"Darkhand's Tomb" is brief adventure for Pathfinder or d20/OGL 3.5. The storyline is, to be blunt, uninspiring. I don't want to spoil too much of it here in case potential players read this review, but some of the narrative elements contradict each other. For example, p. 1 tells the DM that "Darkhand's story, his investigations, the whereabouts of his tower, and the worship of him have effectively vanished over time." However, p. 2 provides for PCs with ranks in Knowledge (Local) or Knowledge (History), or those with Bardic Knowledge, to gain significant information about precisely these matters. In my view, the whole adventure is "yet another ancient wizard's legacy gone bad," and the attempts at plot twists fell rather flat.
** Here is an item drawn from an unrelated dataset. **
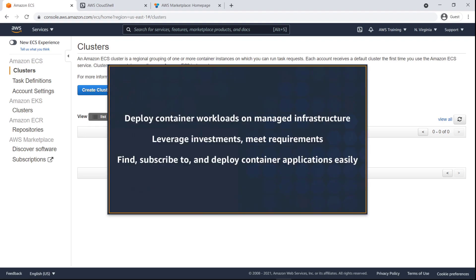In this video, you'll see how to subscribe to and deploy a container-based product from AWS Marketplace using Amazon Elastic Container Service Anywhere or Amazon ECS Anywhere.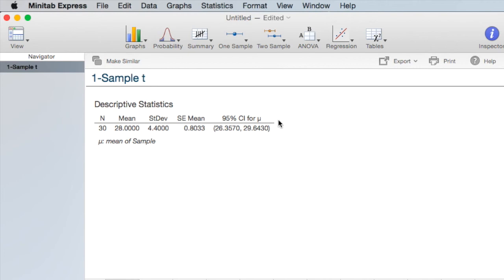Our 95% confidence interval for mu is 26.357 to 29.643. We are 95% confident that the population mean is between 26.357 and 29.643.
I love the idea of a module including printable miniatures customized to the adventure, but the ones included with "Darkhand's Tomb" are somewhat unattractive (they seem to be hand-colored versions of the illustrations from the module itself) and are unnecessarily cumbersome to assemble. The designer seems to have ignored the tried-and-true layouts for printable miniatures, and chose to chart an idiosyncratic course. The printable battlemaps are more attractive than the printable miniatures, though they're nowhere near the quality of a SkeletonKey or Fat Dragon product.
The English version of this product desperately needs additional proofreading. (I have not read the Spanish version.) Simple "Spanish-isms" like use of the abbreviation "CD" instead of "DC" are constant annoyances, as are misspellings like "leadder" for "ladder." These and many, many other errors in English grammar and usage inhibit the usefulness of the product (and certainly any pleasure gained from reading it).
After you click the button to obtain a free copy of this product, be sure that you go to your order history so that you can download the various pieces. The miniatures, battlemaps, and so on all come in separate files. Even if you're not particularly interested in "encounter cards" as such, that's where all the stats are, so be sure to download all the pieces (except the Map Tools files, if you don't use Map Tools).
I would like to see future entries in this series exhibit better stories, better writing/proofreading, and better artwork. I simply can't get enthusiastic about this particular installment, though.